My Posts are packaged by intellectual weight, and some settling of contents may have occurred in transit
Saturday, May 15, 2010
Requiescat in Pace
From left to right in the photo are my mum, who died in 1996 aged just 56, my papa who died in 1959 aged just 46, my aunt Shirley who died today aged 65, and my nana who died just over two years ago aged 87.
So today the last of that family unit passed away, and the happy faces in the photo, taken at Garrion Bridge in Lanarkshire probably not very long before my papa died, are no longer with us.
Rest eternal grant unto them O Lord, and let light perpetual shine upon them.
Tuesday, March 17, 2009
Happy birthday dad
Saturday, October 18, 2008
Happy birthday

One hundred years ago today, on 18th October 1908, the man in the photos was born.
William Yuill Young was my grandfather, and he was a sergeant in the 1st Battalion of the Scots Guards.
Having traced my family tree a bit, I have an idea of what his own ancestry was, but strangely, considering this and the fact that he died in 1972 so I do actually remember him, I don't really know that much about the man behind the photos.
I remember he was tall, tall anyway for our family at around six feet, and I remember he had tattoos on his hands of birds. Bluebirds I think. And I believe that's a traditional military thing of that era.
I understand that the photo of him on the motorcycle was taken in Pirbright camp in Surrey, probably some time during the second world war. Still haven't worked out what sort of bike it is!
Anyway, this would have been his 100th birthday. Happy birthday papa.

I'm off to San Diego today, and my flight from Glasgow to London is in four hours, then from London to Los Angeles four hours after that. It's going to be a long day, because I arrive in California just before 3pm local time and I guess I'll be awake for a while after that!
Sunday, June 15, 2008
Requiescat in Pace (again, or rather, still)
Today though I am on a bit of a downer. I just don't feel as upbeat as I have done recently. The reason is that today is the 12th anniversary of my mum's sudden, unexpected, untimely and early death aged 56. I've blogged about it previously, so I won't dwell on it too much now. Well, I won't dwell on it here anyway, but I just can't seem to get it out of my mind today. Since last night at midnight in the taxi back home after the post concert drink in The Primary pub in Glasgow's Woodlands Rd in fact. Friends are a help though. Particularly RE. Thanks. And sorry for being somewhat distracted and grumpy looking this morning. I'll try to be better this evening.
They shall not grow old as we who are left grow old. Age shall not weary them, nor the years condemn. At the going down of the sun, and in the morning, we shall remember them. Rest eternal grant unto her O Lord, and let light perpetual shine upon her.
Thursday, January 24, 2008
Requiescat in Pace
Sad to say though that after a short illness (short in comparison to her relatively healthy previous 87 years that is) she passed away last night. In no pain, and as comfortable as she could be.
I'm glad to have managed to spend some time with her in her final days, as obviously have other family members including my brother who, with one day of notice, flew over from his home in California on Friday to see her, and returned home yesterday morning.
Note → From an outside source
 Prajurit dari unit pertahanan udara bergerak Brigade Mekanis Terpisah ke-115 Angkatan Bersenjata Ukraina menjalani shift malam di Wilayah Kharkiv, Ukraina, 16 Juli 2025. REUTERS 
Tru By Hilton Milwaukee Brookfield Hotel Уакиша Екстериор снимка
I'm glad he managed it. It was good to see him, albeit in those circumstances. Other family members have been magnificent in the time they have devoted to gran, and not just in the past few weeks. But I suppose that's what families do, isn't it?
Rest Eternal grant unto her O Lord, and let light perpetual shine upon her.
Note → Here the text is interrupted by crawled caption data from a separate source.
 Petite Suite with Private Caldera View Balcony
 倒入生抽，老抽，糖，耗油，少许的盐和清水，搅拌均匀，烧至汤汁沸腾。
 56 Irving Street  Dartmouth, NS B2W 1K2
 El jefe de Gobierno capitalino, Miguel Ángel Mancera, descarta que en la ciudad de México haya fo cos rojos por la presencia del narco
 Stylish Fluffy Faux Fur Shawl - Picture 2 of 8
But not too bright a perpetual light thank you very much, if that's OK, because she couldn't stand bright sunlight in her eyes.
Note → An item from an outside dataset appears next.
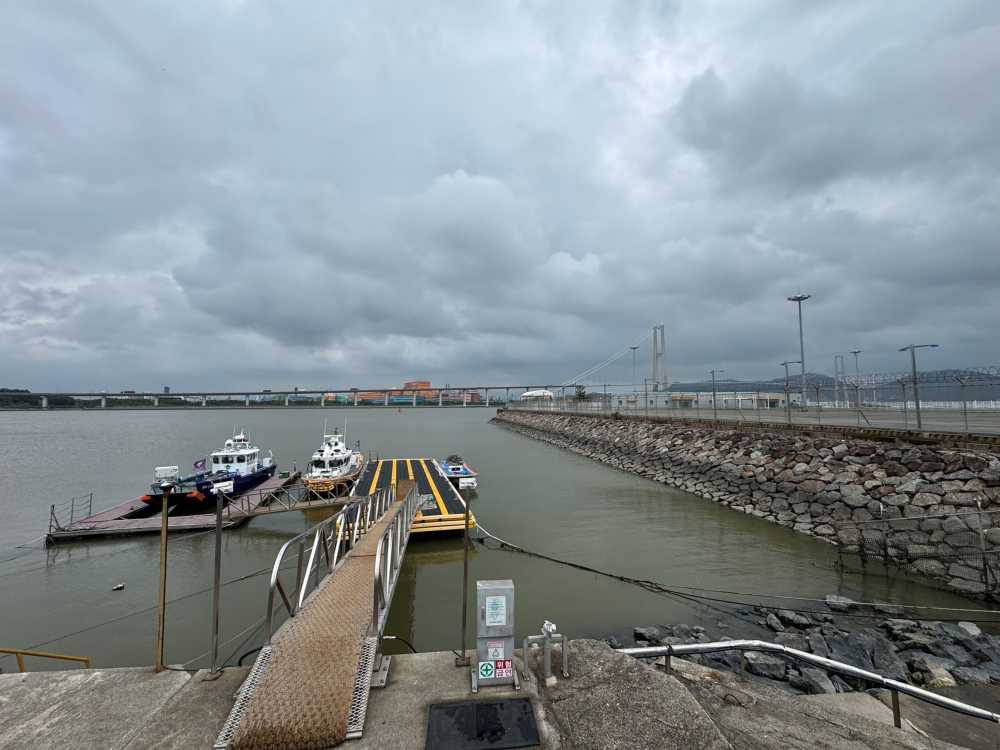 ▲ 집중호우 해양쓰레기 수거 후 모습 ⓒ여수해양경찰서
Just had a call to say she will be taken to church on Monday afternoon and the funeral is on Tuesday. Work are very understanding and obliging, and so I think I'll take both days off.
Don't feel much like Blogging just now, funnily enough. Got choir practice tonight to take my mind off it, hopefully. More in due course.
Monday, October 29, 2007
And its colours they are fine
Their grave is the one bottom centre of the photo at rather a jaunty angle.
I never knew John Henry, he died 8 years before I was born, but I well remember my Gran Henry, who died in February 1975, when I was 13. She was a formidable woman who, despite having been away from Ireland for 70 years never lost her broad, lovely, Irish accent.
All her days she was a member of the Orange Order, and I believe that in her latter years and confined to a wheelchair she was pushed along in various annual processions in Lanarkshire. I make no apologies for her in that regard. She was an adult and clearly had decided that this was something right for her and despite my opinions on this I have no right to say she shouldn't have been involved in it.
Anyway, as I was standing by their grave, I took the photo above and somehow it seemed right that people were marching past behind the Union Flag. OK, it wasn't the Orange Lodge, but a group of Boys' Brigade members, but I still can't help feeling that Gran Henry would have been happy to have that flag borne past her final resting place.
Sunday, April 22, 2007
No pain, no gain
Despite gleeful assurances to the contrary from several people beforehand, on Friday when they moved the angle of my ankle from the equinus (tiptoes) to the semi equinus (not quite so extreme tiptoes) position I felt no pain at all. Nausea and lightheadedness, yes, but no pain. And the nausea is apparently fairly common when a cast is removed and was there well before anyone moved my ankle. Very strange.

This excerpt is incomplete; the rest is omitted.